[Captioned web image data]
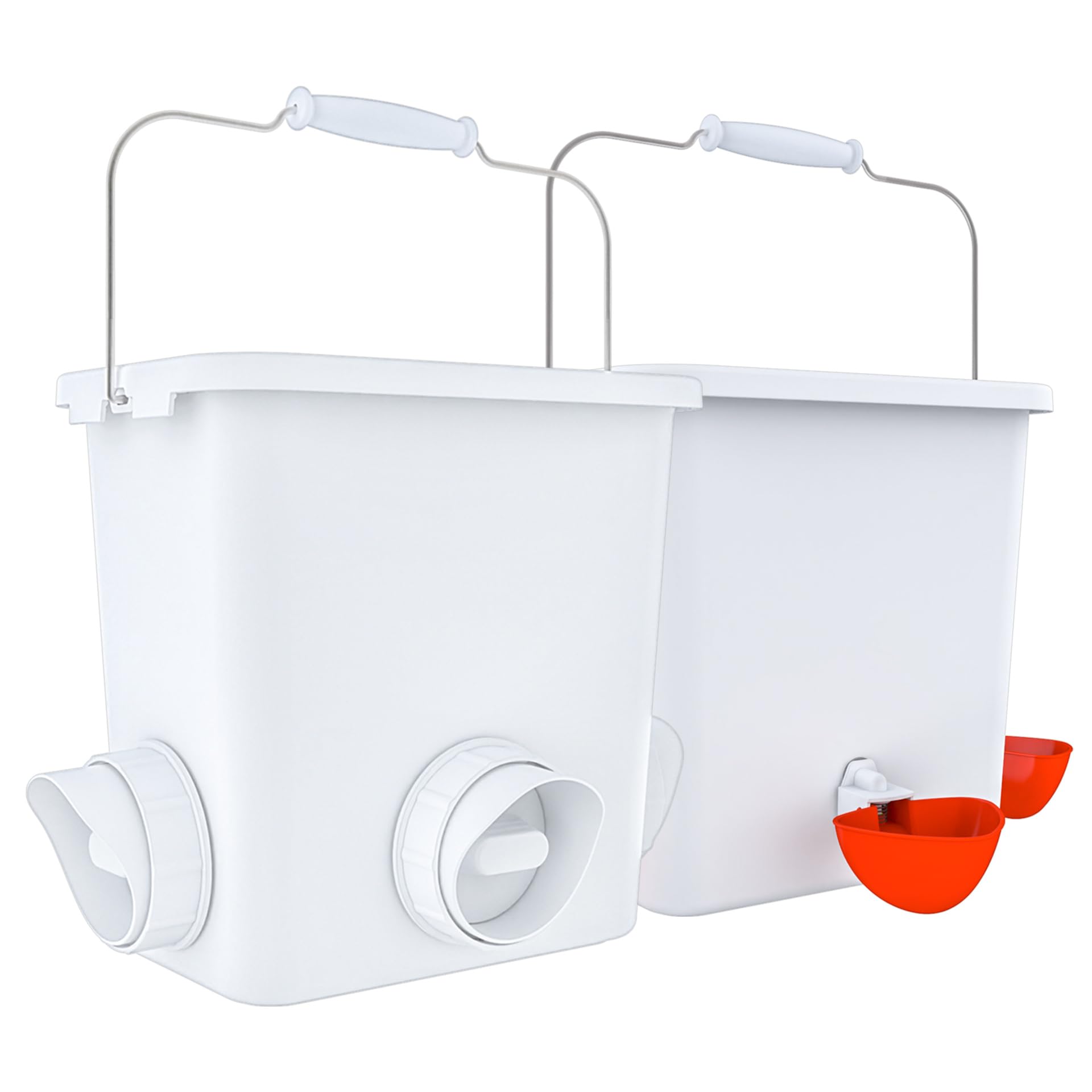 Essilnn complete kit with hooks and accessories for installation
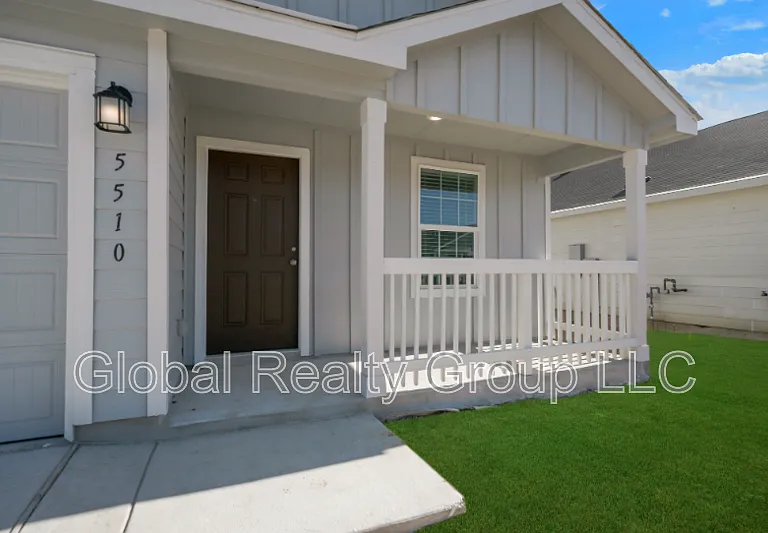 5510 Basil Chase — Photo 4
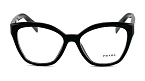 Оправы -  Prada 0PR 20ZV-16K1O1 54 (+) - 0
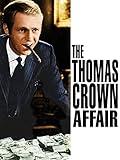 The Thomas Crown Affair (1968)
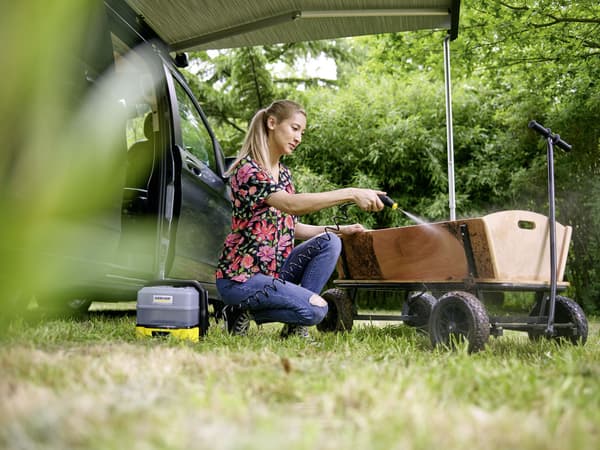 Karcher OC 3 Plus högtryckstvätt (1.680-030.0)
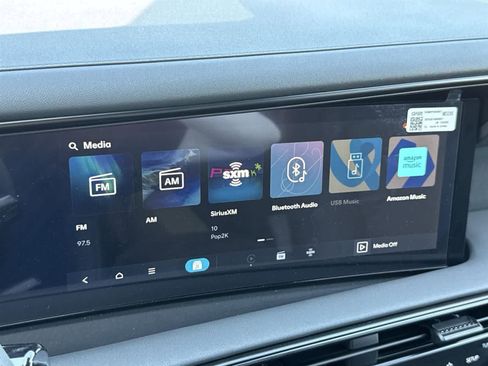 New 2026 Hyundai Palisade XRT Pro image 26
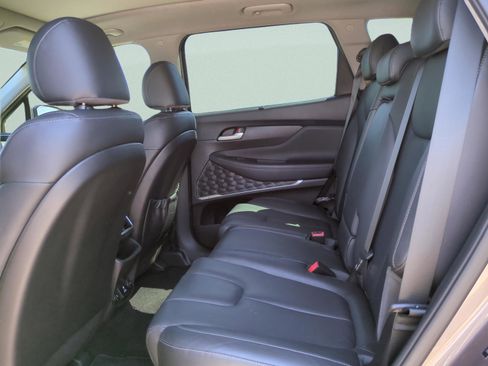 Used 2019 Hyundai Santa Fe FWD image 10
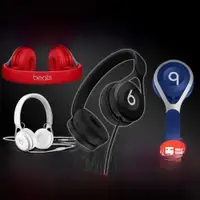 在飛比找ETMall東森購物網優惠-Beats EP頭戴式耳機 運動耳機 重低音 HiFi音樂耳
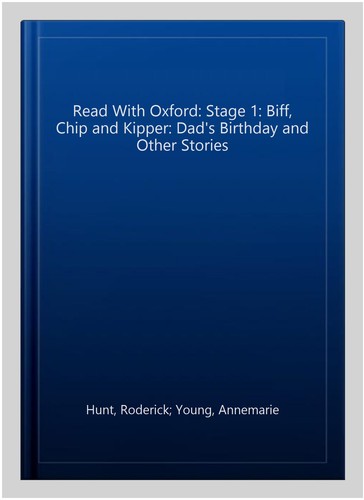 Read with oxford - read, oxford:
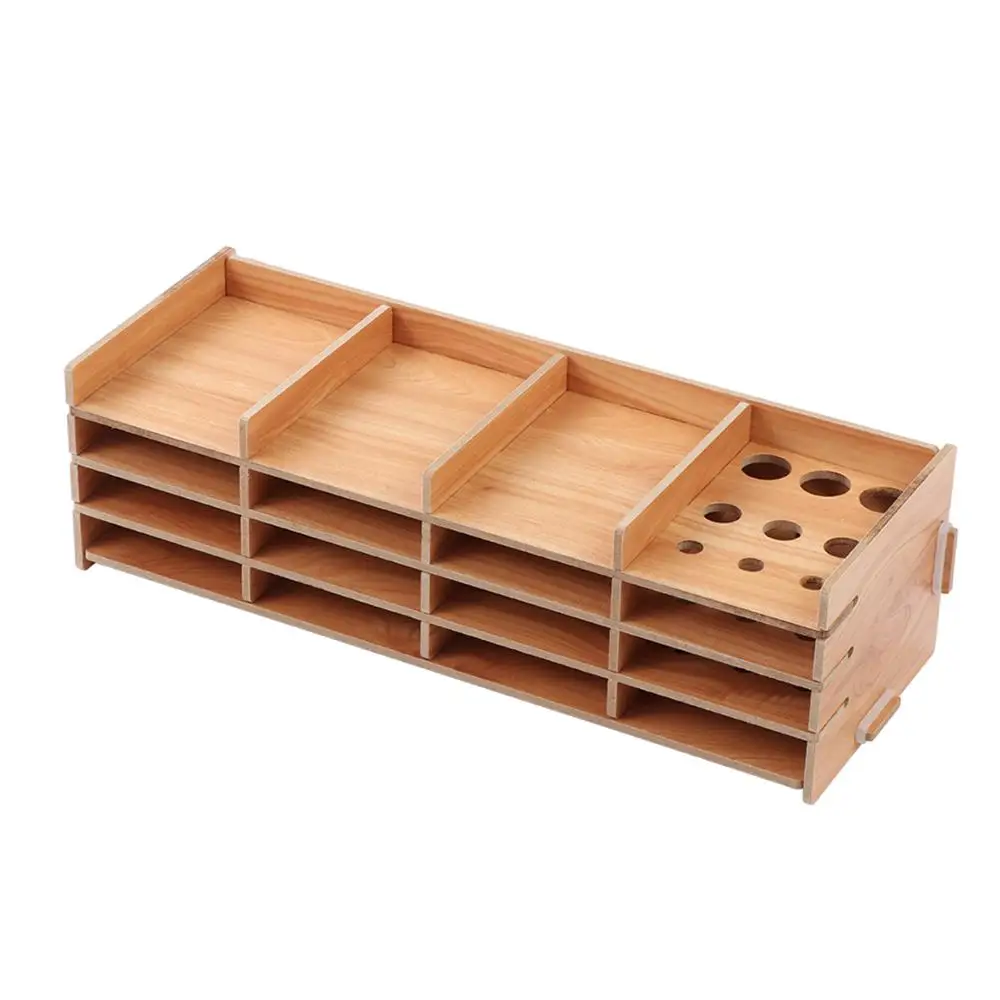 16 Grids Holder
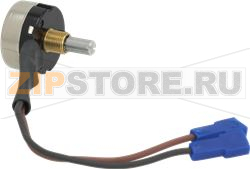 POTENTIOMETER COMPLETE WITH CABLE 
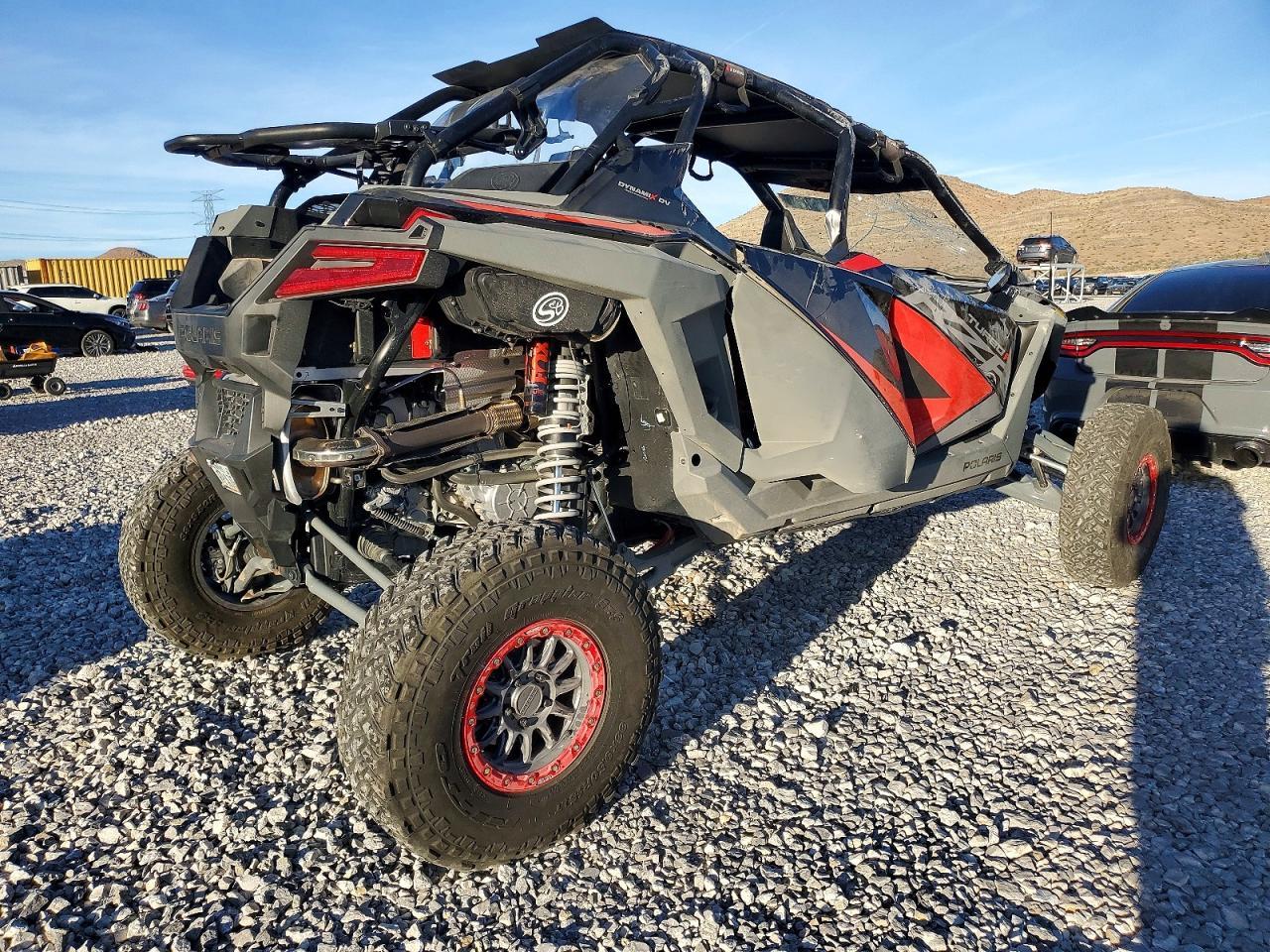 2022 Polaris General Utility Vehicle - Фото 4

> Your task:
Beginning with the line that contains "New 2026 Hyundai Palisade XRT Pro image 26" and ending with the last line of the data above, output those lines exactly and nothing more, without any pictures.

> Expected answer:
 New 2026 Hyundai Palisade XRT Pro image 26
 Used 2019 Hyundai Santa Fe FWD image 10
 在飛比找ETMall東森購物網優惠-Beats EP頭戴式耳機 運動耳機 重低音 HiFi音樂耳
 Read with oxford - read, oxford:
 16 Grids Holder
 POTENTIOMETER COMPLETE WITH CABLE 
 2022 Polaris General Utility Vehicle - Фото 4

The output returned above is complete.